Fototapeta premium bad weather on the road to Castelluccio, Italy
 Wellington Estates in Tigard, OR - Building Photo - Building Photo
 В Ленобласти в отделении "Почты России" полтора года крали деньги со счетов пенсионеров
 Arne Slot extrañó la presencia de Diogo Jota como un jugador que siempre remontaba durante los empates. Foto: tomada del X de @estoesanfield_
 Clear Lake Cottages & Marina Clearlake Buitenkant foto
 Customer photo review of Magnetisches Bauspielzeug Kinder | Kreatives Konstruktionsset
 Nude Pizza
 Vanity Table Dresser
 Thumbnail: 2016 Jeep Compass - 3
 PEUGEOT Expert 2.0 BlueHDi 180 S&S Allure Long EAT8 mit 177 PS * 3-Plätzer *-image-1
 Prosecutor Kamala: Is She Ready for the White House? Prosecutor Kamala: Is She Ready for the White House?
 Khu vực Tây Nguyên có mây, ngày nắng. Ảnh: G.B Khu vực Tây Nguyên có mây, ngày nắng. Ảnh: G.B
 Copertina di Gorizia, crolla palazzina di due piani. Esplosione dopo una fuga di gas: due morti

▶ [WHAT IS REQUIRED]:
Look back at the entries above. Retype the line with "Thumbnail: 2016 Jeep Compass - 3", the line with "Khu vực Tây Nguyên có mây, ngày nắng. Ảnh: G.B Khu", and all lines in between.

▶ [TASK RESULT]:
 Thumbnail: 2016 Jeep Compass - 3
 PEUGEOT Expert 2.0 BlueHDi 180 S&S Allure Long EAT8 mit 177 PS * 3-Plätzer *-image-1
 Prosecutor Kamala: Is She Ready for the White House? Prosecutor Kamala: Is She Ready for the White House?
 Khu vực Tây Nguyên có mây, ngày nắng. Ảnh: G.B Khu vực Tây Nguyên có mây, ngày nắng. Ảnh: G.B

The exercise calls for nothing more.